----- Supplied material -----

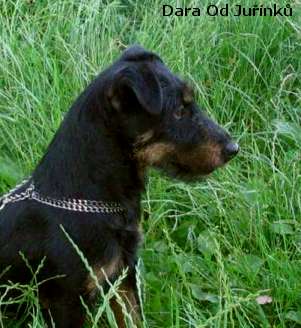 Nemecký lovecký teriér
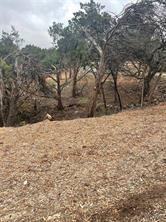 Land in Lago Vista 5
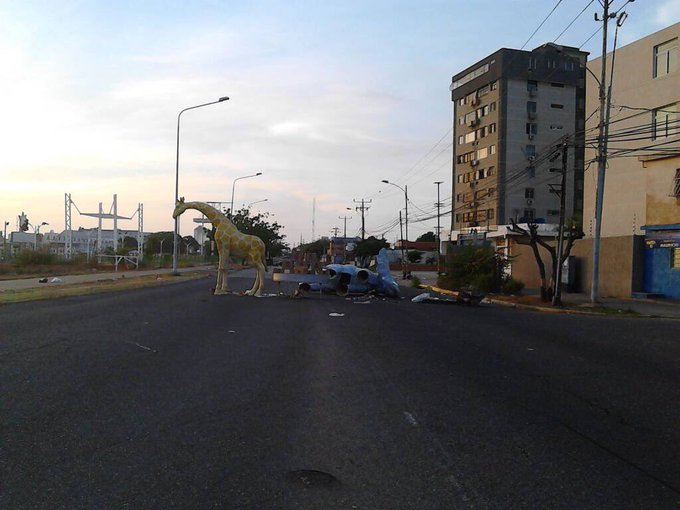 View image on Twitter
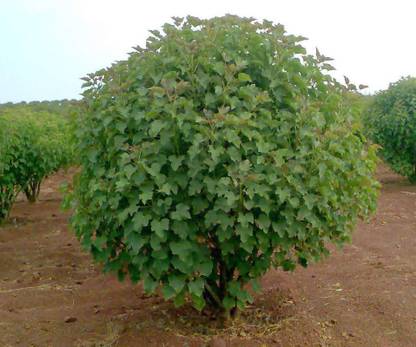 Green India Ratanjot Seeds Jatropha Curcas Seed-100 Gm Seed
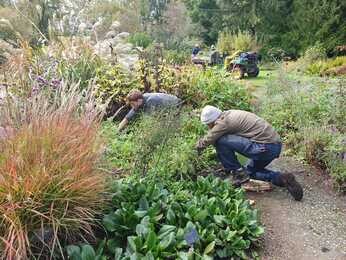 This week in the garden- mid October This week in the garden- mid October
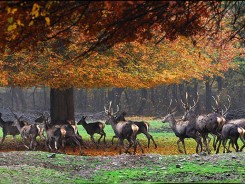 Golestan Safari - 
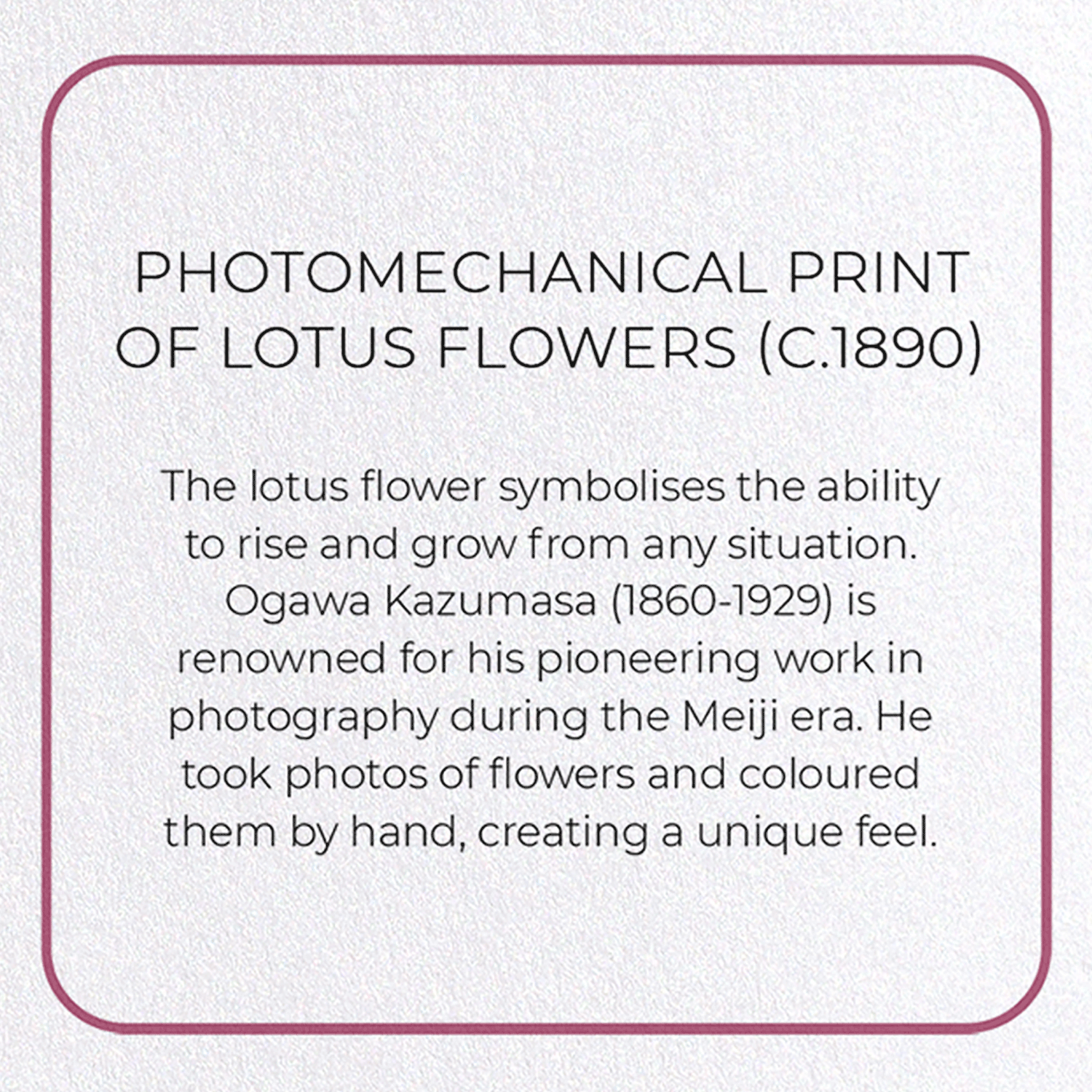 PHOTOMECHANICAL PRINT OF LOTUS FLOWERS (C.1890)
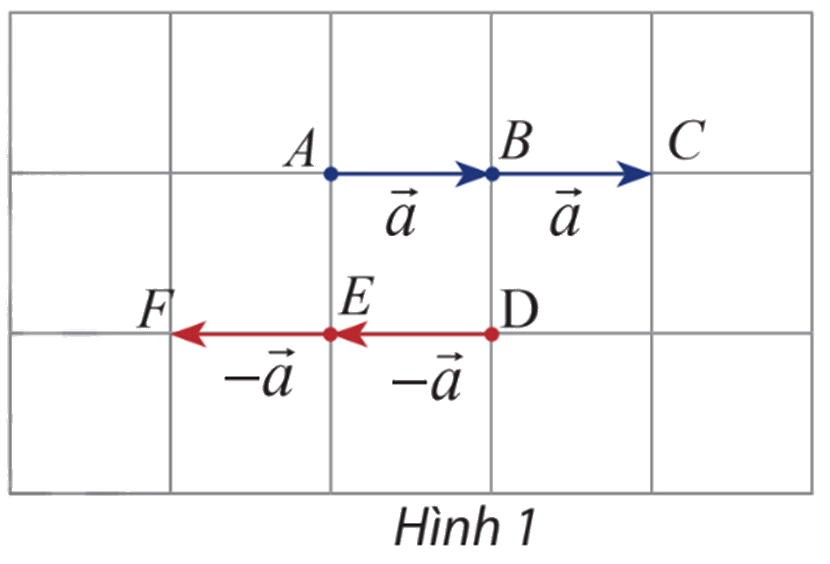 Giải mục 1 trang 94, 95 SGK Toán 10 tập 1 - Chân trời sáng tạo 1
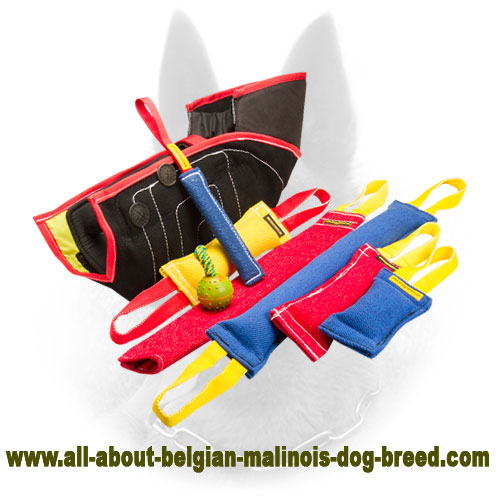 Best Chew Toys For Belgian Malinois ToyWalls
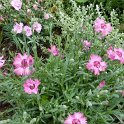Dianthus plumarius 'Sweetness'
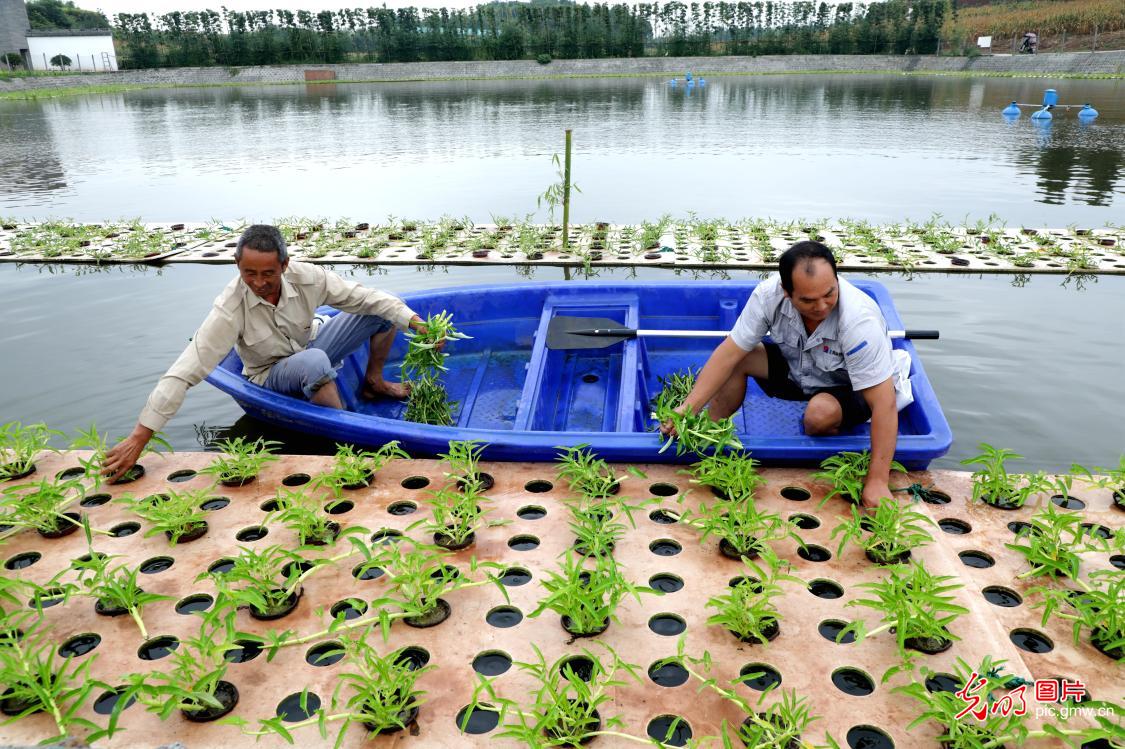 川渝農(nóng)科院魚菜共生技術(shù)受農(nóng)企青睞,糧食產(chǎn)業(yè)園區(qū)設(shè)魚稻共生基地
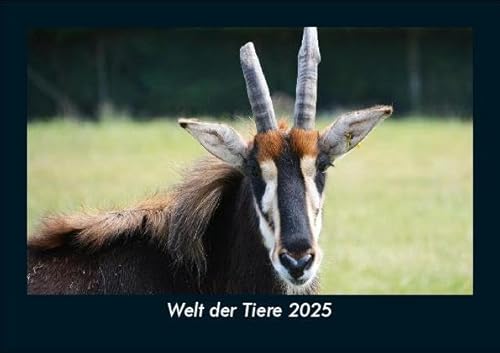 Welt der Tiere 2025 Fotokalender DIN A5: Monatskalender mit Bild-Motiven von Haustieren, Bauernhof, wilden Tieren und Raubtieren Welt der Tiere 2025 Fotokalender DIN A5: Monatskalender mit Bild-Motiven von Haustieren, Bauernhof, wilden Tieren und Raubtieren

-----

What to do: Quote only the lines that start at the line holding "This week in the garden- mid October This" and end at the last line of the entries, including both of those lines, and omit every picture.

Response to the task:
 This week in the garden- mid October This week in the garden- mid October
 Golestan Safari - 
 PHOTOMECHANICAL PRINT OF LOTUS FLOWERS (C.1890)
 Giải mục 1 trang 94, 95 SGK Toán 10 tập 1 - Chân trời sáng tạo 1
 Best Chew Toys For Belgian Malinois ToyWalls
Dianthus plumarius 'Sweetness'
 川渝農(nóng)科院魚菜共生技術(shù)受農(nóng)企青睞,糧食產(chǎn)業(yè)園區(qū)設(shè)魚稻共生基地
 Welt der Tiere 2025 Fotokalender DIN A5: Monatskalender mit Bild-Motiven von Haustieren, Bauernhof, wilden Tieren und Raubtieren Welt der Tiere 2025 Fotokalender DIN A5: Monatskalender mit Bild-Motiven von Haustieren, Bauernhof, wilden Tieren und Raubtieren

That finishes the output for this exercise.